Output the listing verbatim, leaving out every picture.

■ **RAW DATA**
::::::::::

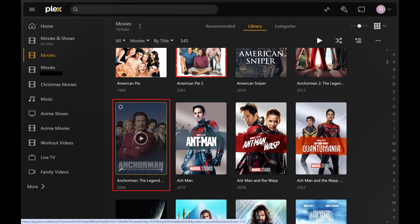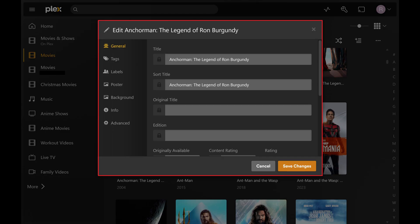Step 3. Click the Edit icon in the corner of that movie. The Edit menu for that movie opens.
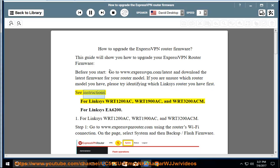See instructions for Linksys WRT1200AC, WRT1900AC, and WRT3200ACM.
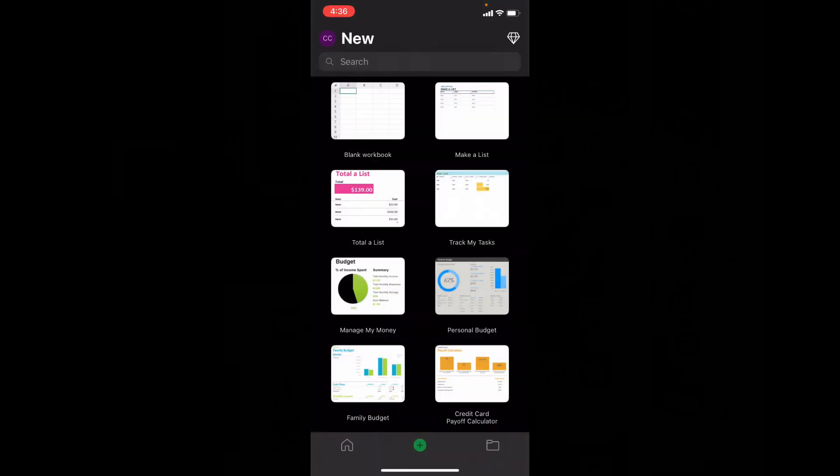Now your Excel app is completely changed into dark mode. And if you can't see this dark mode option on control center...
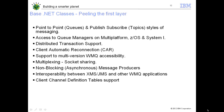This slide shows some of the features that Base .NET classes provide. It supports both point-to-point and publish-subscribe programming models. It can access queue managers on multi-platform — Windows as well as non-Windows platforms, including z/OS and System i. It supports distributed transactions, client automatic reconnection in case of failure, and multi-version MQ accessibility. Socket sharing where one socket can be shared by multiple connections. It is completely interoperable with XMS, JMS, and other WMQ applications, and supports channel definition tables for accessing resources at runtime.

::::::::::

■ **REPLY TO THE EXERCISE**
Step 3. Click the Edit icon in the corner of that movie. The Edit menu for that movie opens.
See instructions for Linksys WRT1200AC, WRT1900AC, and WRT3200ACM.
Now your Excel app is completely changed into dark mode. And if you can't see this dark mode option on control center...
This slide shows some of the features that Base .NET classes provide. It supports both point-to-point and publish-subscribe programming models. It can access queue managers on multi-platform — Windows as well as non-Windows platforms, including z/OS and System i. It supports distributed transactions, client automatic reconnection in case of failure, and multi-version MQ accessibility. Socket sharing where one socket can be shared by multiple connections. It is completely interoperable with XMS, JMS, and other WMQ applications, and supports channel definition tables for accessing resources at runtime.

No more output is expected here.